It’s my Big Tevye Energy to think about if I were a rich man. I always tell myself I’d have no problem paying lots more in taxes, especially if it does things like raise the minimum wage and guarantee everybody could have health care. I’d buy my wife nice things, keep buying books and sneakers and go out to dinner once or twice a week and I’d probably give a lot of the money away because, really, who needs too much money? I know there are people who can honestly tell me they think you can never be too rich, but I’ve met a lot of very rich people in my life, and I can say that some of those people would definitely disagree with you.
The reason I felt bad about the private plane dream is really because I’ve always had such a loaded relationship when it comes to money and so much anxiety about not having enough, but worrying what having too much could do to me. I found myself feeling bad for wanting to buy convenience even though that’s what it’s really all about. Some people can afford that, and the rest of us have to wait on line and then get jammed like cattle into a stuffy plane.
The good news is that I’m likely never going to have to worry because I’m a writer, and a marginally successful one at that. Definitely nowhere near Shteyngart level, yet I look at his Instagram and often find myself thinking that he has hit a point of noticeable wealth that I’d personally be comfortable with. I like how he lives.
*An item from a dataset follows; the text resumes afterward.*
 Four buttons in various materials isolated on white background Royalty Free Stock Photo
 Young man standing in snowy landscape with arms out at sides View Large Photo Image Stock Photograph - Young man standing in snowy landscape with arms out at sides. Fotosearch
The guy has good taste and writes books that I always buy. He’s a working writer who has a house in the city and another in the country. He takes himself out for a nice Martini and appreciates a good bitter Italian drink. He’s an immigrant boy made good and he’s worked for it and keeps doing that. And I think that’s great. I like seeing it. It gives me something to aim for since it’s unlikely I’ve got a Da Vinci Code up my sleeve that would enable me to get on private jets whenever I want. What I’m saying, ultimately, is that while I’ve always looked up to Shteyngart as a writer and love his work, it’s also nice to have a few writers you look at and say, “I like how they live. This looks nice. Let’s aim for that.”